When we first meet Aqib, he’s taking the prince’s cheetah for a walk. We learn he is charged with taking care of the royal menagerie. He’s a member of the privileged class due to being a distant cousin to royalty. He’s also a bit of a snob and disdainful of the working class.
Aqib meets a foreign soldier named Lucrio who speaks in modern slang. This pulled me out of the fantasy world for a moment, but I soon learned that he spoke this way to indicate that he’s lower class and he learned to speak Olorumi from sailors. Lucrio’s native language is Latin (or a language very similar to it). He comes from Daluçan which is a land reminiscent of ancient Rome.
The two fall in love, although there are obstacles to their romance including Aqib’s homophobic brother, pressure from Aqib’s family to marry a high-born woman to raise the family’s status, and the fact that homosexuality is forbidden by Aqib’s religion.
The author sometimes doesn’t put dialogue in quotes or suddenly summarizes what was said, which is an interesting style. The story is also told out of order, but there’s a reason for this that becomes evident towards the end. The surprising reason the book is titled A Taste of Honey isn’t revealed until the end either.
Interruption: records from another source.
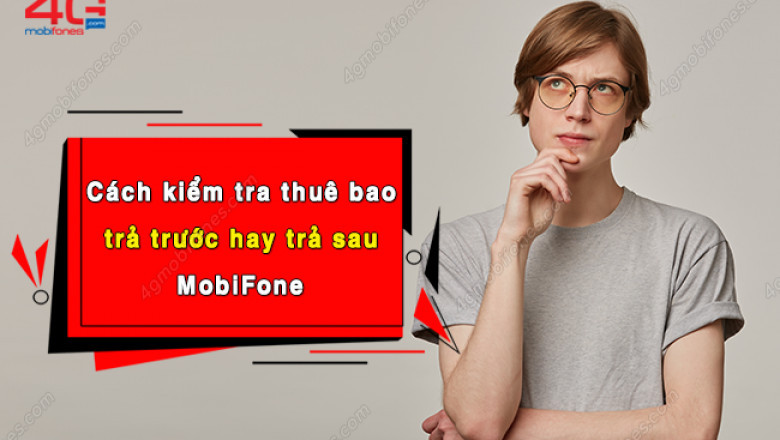 Kiem tra sim mobifone la tra truoc hay tra sau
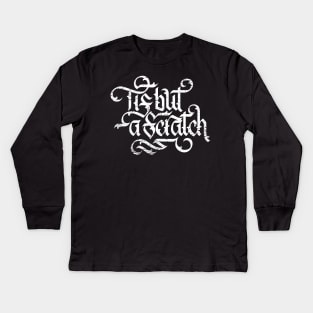 Tis But a Scratch Kids Long Sleeve T-Shirt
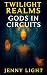 Twilight Realms II: Gods in...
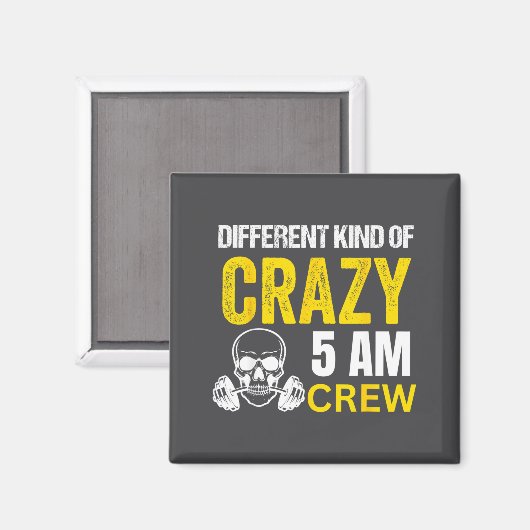 Workout Squad 5am Crew Funny Gym Workout Quote  Magnet (Vorderseite/Rückseite)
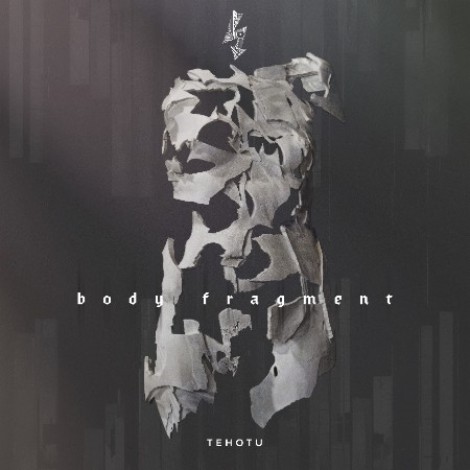 Tehotu - Body Fragment (2026) flac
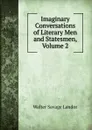Imaginary Conversations of Literary Men and Statesmen, Volume 2 - Walter Savage Landor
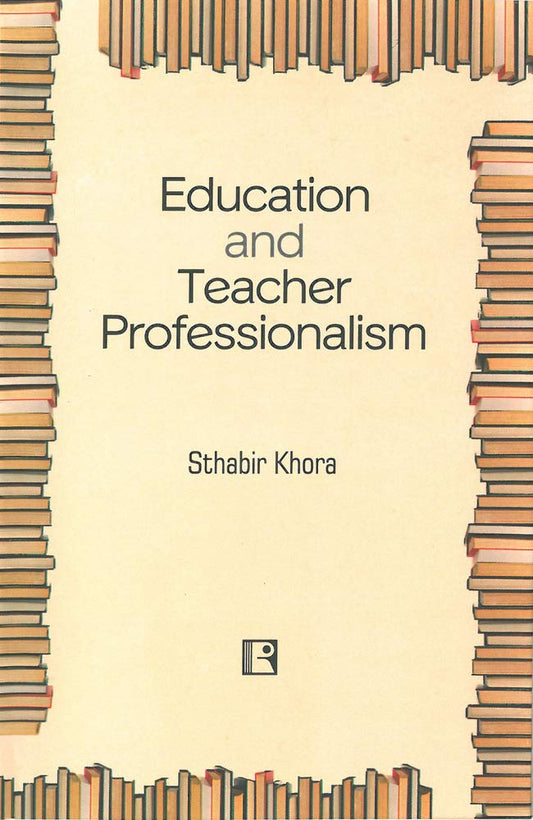Education and Teacher Professionalism -Hardcover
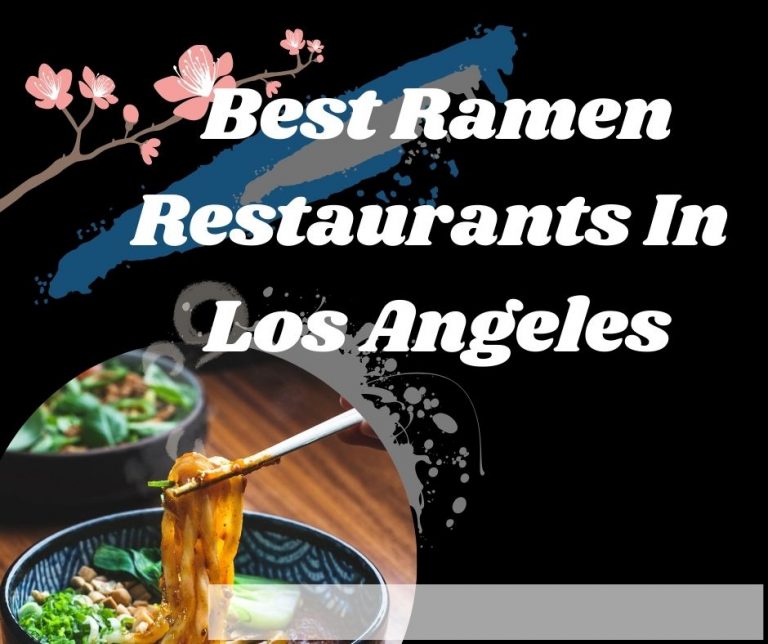 18 Best Ramen Restaurants In Los Angeles in 2024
There’s a lot of great world-building here. Olorumi is an interesting place where physics and math are considered women’s work. Magic gets introduced to the story towards the end. We learn certain people have supernatural abilities and we meet the Ashëans who are referred to as gods because of both their magical power and their high level of technology including holograms. The sudden introduction of magic and technology into the book towards the end was a bit jarring, but I think the author pulled it off.